======== Record extracts ========

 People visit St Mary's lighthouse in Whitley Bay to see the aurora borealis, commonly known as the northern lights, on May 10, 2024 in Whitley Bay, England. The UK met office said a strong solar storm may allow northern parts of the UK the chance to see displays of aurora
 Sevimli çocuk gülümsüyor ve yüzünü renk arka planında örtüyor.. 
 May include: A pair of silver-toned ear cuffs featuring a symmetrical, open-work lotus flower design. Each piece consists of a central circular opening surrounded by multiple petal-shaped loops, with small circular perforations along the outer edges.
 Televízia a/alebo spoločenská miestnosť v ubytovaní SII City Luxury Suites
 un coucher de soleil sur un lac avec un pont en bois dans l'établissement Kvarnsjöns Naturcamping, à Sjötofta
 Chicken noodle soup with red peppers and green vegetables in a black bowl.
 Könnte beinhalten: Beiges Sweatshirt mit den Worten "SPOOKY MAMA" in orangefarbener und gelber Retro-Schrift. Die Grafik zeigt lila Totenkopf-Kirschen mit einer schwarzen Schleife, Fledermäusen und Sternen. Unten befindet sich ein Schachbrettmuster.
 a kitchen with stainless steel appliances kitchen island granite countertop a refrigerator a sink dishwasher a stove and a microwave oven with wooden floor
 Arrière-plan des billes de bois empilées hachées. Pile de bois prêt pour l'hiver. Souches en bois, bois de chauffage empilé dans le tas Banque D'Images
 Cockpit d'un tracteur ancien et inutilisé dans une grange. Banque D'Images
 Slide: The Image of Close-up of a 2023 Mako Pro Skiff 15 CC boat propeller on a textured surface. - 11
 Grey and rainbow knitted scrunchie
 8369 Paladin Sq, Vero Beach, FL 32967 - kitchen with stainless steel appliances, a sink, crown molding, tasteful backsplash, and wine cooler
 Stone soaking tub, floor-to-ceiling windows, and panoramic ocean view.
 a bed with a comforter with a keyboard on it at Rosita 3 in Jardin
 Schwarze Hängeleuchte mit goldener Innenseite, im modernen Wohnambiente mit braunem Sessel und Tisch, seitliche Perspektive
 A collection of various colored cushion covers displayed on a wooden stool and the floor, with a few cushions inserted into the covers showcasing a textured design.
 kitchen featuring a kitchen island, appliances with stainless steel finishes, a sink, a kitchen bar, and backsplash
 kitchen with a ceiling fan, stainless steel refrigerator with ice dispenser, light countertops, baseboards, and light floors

========

- **Instructions to follow**:
Nothing but the lines from the one with "Könnte beinhalten: Beiges" through the final line of the records above should appear, each copied exactly.

- **Response to the exercise**:
 Könnte beinhalten: Beiges Sweatshirt mit den Worten "SPOOKY MAMA" in orangefarbener und gelber Retro-Schrift. Die Grafik zeigt lila Totenkopf-Kirschen mit einer schwarzen Schleife, Fledermäusen und Sternen. Unten befindet sich ein Schachbrettmuster.
 a kitchen with stainless steel appliances kitchen island granite countertop a refrigerator a sink dishwasher a stove and a microwave oven with wooden floor
 Arrière-plan des billes de bois empilées hachées. Pile de bois prêt pour l'hiver. Souches en bois, bois de chauffage empilé dans le tas Banque D'Images
 Cockpit d'un tracteur ancien et inutilisé dans une grange. Banque D'Images
 Slide: The Image of Close-up of a 2023 Mako Pro Skiff 15 CC boat propeller on a textured surface. - 11
 Grey and rainbow knitted scrunchie
 8369 Paladin Sq, Vero Beach, FL 32967 - kitchen with stainless steel appliances, a sink, crown molding, tasteful backsplash, and wine cooler
 Stone soaking tub, floor-to-ceiling windows, and panoramic ocean view.
 a bed with a comforter with a keyboard on it at Rosita 3 in Jardin
 Schwarze Hängeleuchte mit goldener Innenseite, im modernen Wohnambiente mit braunem Sessel und Tisch, seitliche Perspektive
 A collection of various colored cushion covers displayed on a wooden stool and the floor, with a few cushions inserted into the covers showcasing a textured design.
 kitchen featuring a kitchen island, appliances with stainless steel finishes, a sink, a kitchen bar, and backsplash
 kitchen with a ceiling fan, stainless steel refrigerator with ice dispenser, light countertops, baseboards, and light floors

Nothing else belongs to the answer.